[What you need to do]:
Omit every picture, then return each line of the data below exactly.

[Data]:
|---|

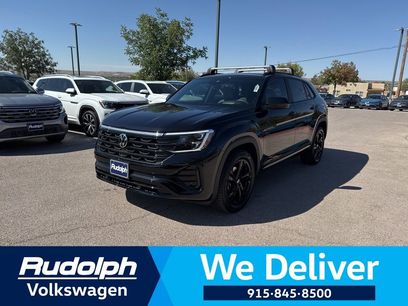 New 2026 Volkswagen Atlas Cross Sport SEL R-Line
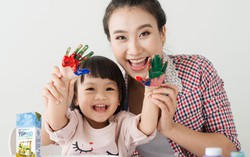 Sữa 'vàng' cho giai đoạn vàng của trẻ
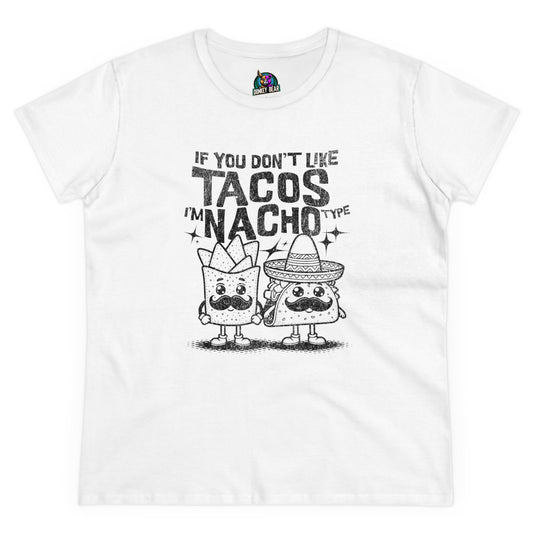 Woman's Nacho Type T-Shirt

|---|

[Result for this task]:
 New 2026 Volkswagen Atlas Cross Sport SEL R-Line
 Sữa 'vàng' cho giai đoạn vàng của trẻ
 Woman's Nacho Type T-Shirt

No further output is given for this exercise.